### Goal of the exercise
Transcribe each entry below exactly. Pictures do not go in the copy.

[Saved entries]
——

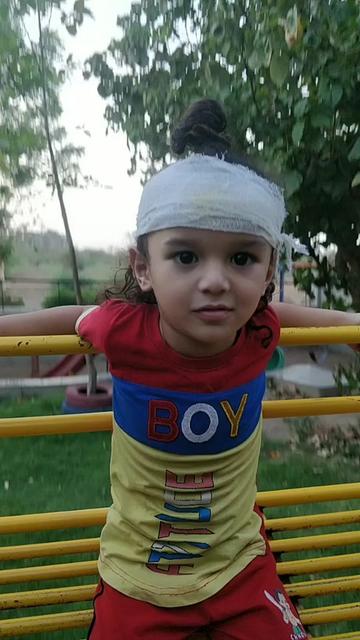 @Nirav Brahmbhatt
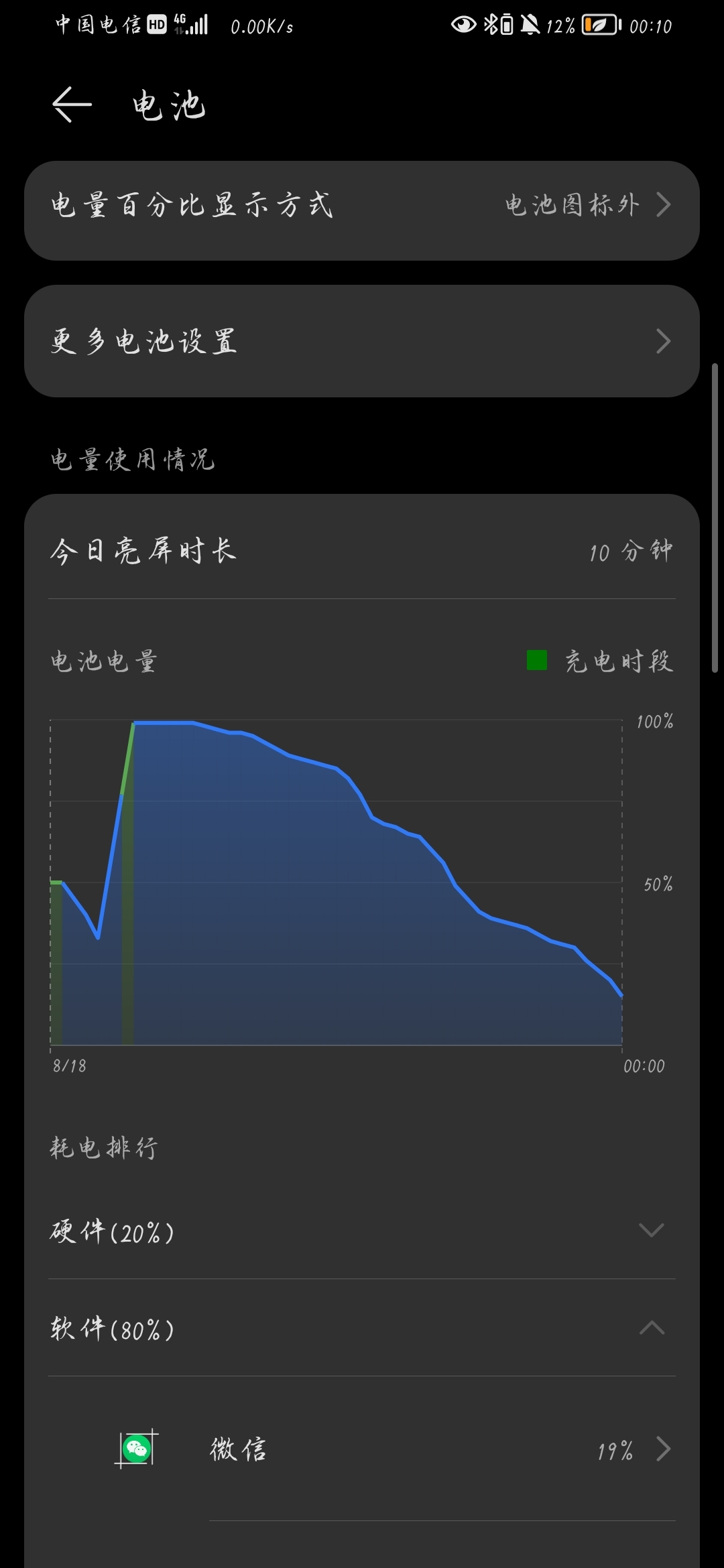 Screenshot_20210819_001037_com.huawei.systemmanager.jpg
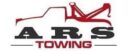 arstowing.in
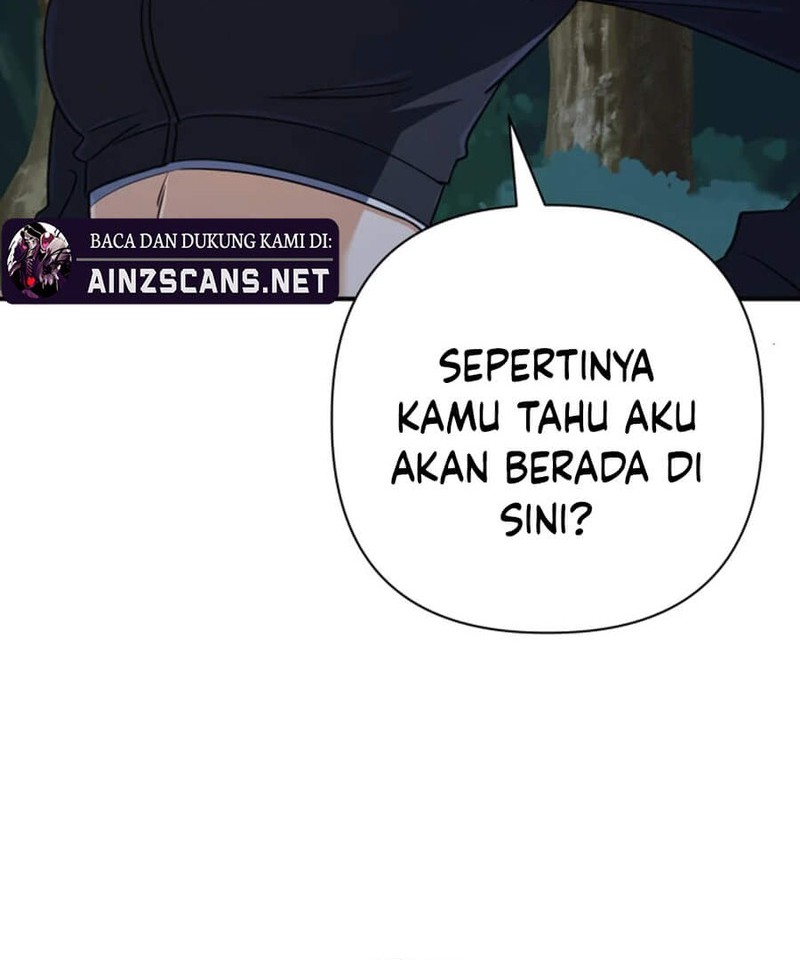 The Return of the Mythical Archmage Chapter 51 - halaman 56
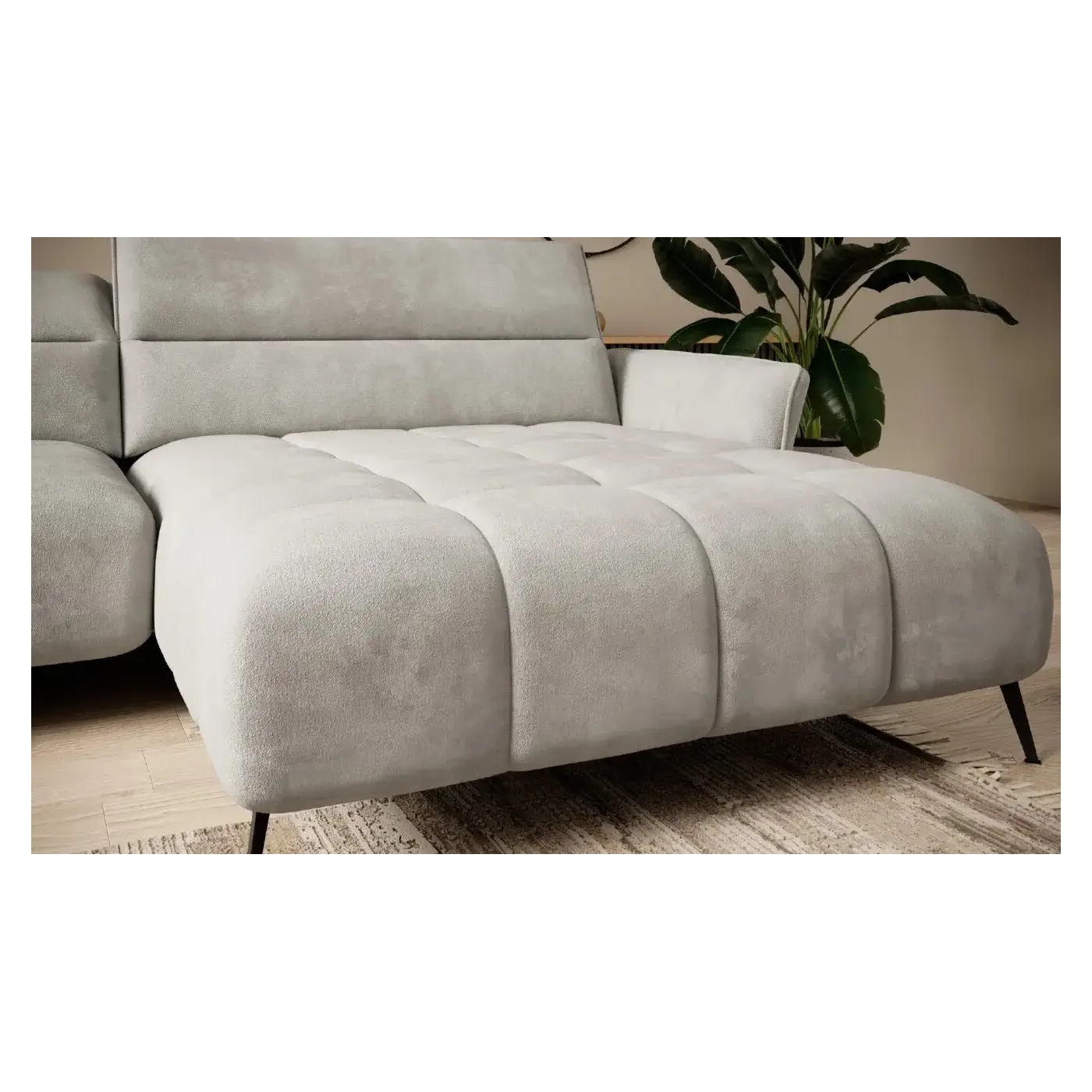 naroznik-cavani-wersal (2)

——

### Finished exercise
 @Nirav Brahmbhatt
 Screenshot_20210819_001037_com.huawei.systemmanager.jpg
 arstowing.in
 The Return of the Mythical Archmage Chapter 51 - halaman 56
 naroznik-cavani-wersal (2)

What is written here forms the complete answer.